2.4. SM2RAIN Algorithm

The physical processes in the land part of the hydrologic cycle can be described by the soil water balance equation [26]:

$$nZ ds\left(t\right)/dt=p\left(t\right)-q\left(t\right)-e\left(t\right)-g\left(t\right)$$

(1)

where n [-] is the soil porosity, Z [L] is the soil layer depth, $s\left(t\right)$ [-] is the relative soil moisture, t [T] is the time, and p, q, e, and g [L/T] are the precipitation, surface runoff, evapotranspiration, and drainage rate (subsurface flow plus deep percolation), respectively. By solving this equation for p and knowing all other variables the rainfall p for each time step can be retrieved from soil moisture data. Moreover, as shown in Reference [27], the surface runoff q can be assumed to be negligible.
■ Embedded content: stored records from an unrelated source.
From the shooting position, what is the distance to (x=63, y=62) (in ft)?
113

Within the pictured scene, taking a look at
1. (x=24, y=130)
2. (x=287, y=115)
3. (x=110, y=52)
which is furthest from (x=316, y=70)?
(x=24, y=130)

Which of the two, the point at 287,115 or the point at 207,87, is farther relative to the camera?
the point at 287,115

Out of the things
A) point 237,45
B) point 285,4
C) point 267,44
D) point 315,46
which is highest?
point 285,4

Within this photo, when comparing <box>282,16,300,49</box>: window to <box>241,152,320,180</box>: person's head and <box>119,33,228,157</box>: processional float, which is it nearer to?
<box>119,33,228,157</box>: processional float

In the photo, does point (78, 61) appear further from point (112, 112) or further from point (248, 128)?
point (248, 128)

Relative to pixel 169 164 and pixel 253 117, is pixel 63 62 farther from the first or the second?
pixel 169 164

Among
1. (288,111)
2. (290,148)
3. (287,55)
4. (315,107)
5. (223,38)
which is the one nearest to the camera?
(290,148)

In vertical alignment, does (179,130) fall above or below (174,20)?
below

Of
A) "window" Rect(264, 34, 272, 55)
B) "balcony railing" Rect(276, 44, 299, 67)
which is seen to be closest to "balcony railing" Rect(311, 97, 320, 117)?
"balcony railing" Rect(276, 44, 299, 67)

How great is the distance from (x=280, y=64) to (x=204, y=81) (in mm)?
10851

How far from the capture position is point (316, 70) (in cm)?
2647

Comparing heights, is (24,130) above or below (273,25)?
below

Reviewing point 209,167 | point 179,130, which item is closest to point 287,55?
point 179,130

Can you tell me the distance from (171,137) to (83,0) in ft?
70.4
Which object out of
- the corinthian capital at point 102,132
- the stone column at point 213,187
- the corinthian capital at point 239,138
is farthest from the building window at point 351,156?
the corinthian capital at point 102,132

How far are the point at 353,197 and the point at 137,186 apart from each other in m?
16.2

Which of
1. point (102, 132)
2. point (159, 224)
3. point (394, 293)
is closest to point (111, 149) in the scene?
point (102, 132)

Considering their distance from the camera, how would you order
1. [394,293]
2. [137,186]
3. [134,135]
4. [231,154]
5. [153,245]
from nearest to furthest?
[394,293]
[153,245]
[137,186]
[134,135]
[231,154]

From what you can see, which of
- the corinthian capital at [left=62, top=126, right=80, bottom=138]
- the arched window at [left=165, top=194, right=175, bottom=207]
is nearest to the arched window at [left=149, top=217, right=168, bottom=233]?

The drainage rate $g\left(t\right)$ is estimated using the following relationship (e.g. [27]).

$$g\left(t\right)=a s\left(t\right){ }^b$$

(2)

where a [L/T] and b [-] are unknown empirical parameters and are going to be calibrated later. $g\left(t\right)$ is the sum of deep percolation and lateral flow.

The (actual) evapotranspiration rate $e\left(t\right)$ is represented by a product of the potential evapotranspiration $E{T}_p\left(t\right)$ and the relative soil water content $s\left(t\right)$ (e.g. Reference [51]):

$$e\left(t\right)=E{T}_p\left(t\right)\times s\left(t\right)$$

(3)

where $E{T}_p\left(t\right)$ is calculated by means of the theoretical Blaney and Criddle approach as modified by Reference [52]:

$$E{T}_p\left(t\right)=-2+c \left[\xi \left(0.46T_a\left(t\right)+8.13\right)\right]$$

(4)

where Ta [C⁰] is the mean air temperature, ξ is the fraction of daytime hours for the time step used (daily in this study) in the total daytime hours of the year, and c is a parameter—to be determined in the calibration process further down—that depends on the daytime wind speed, minimum relative humidity, and actual insolation time. Although a value of c = 1.26 was proposed for this parameter in many studies (see e.g. Reference [27]), it will be further optimized in the calibration process within an acceptable range (0.8–2.1). Therefore, based on Equations (2)–(4), SM2RAIN requires SM and air temperature data for estimating rainfall.

The parameter values nZ, a, b, and c in Equations (2)–(4) are calibrated by matching the SM2RAIN simulated rainfall with the ground observed data using nonlinear least squares, where the RMSE is used as objective function

$$RMSE=\sqrt{\frac{1}{n}{\displaystyle \sum }_{i=1}^n\left(P_i-O_i\right){ }^2}$$

(5)

where P_i is the SM2RAIN—predicted daily rainfall (SM2R-AMSRE) and O_i is the daily ground-based observed rainfall at station i. The RMSE is minimized by a MATLAB-programed nonlinear constrained optimization method with the named unknown parameters constrained by appropriate bounds.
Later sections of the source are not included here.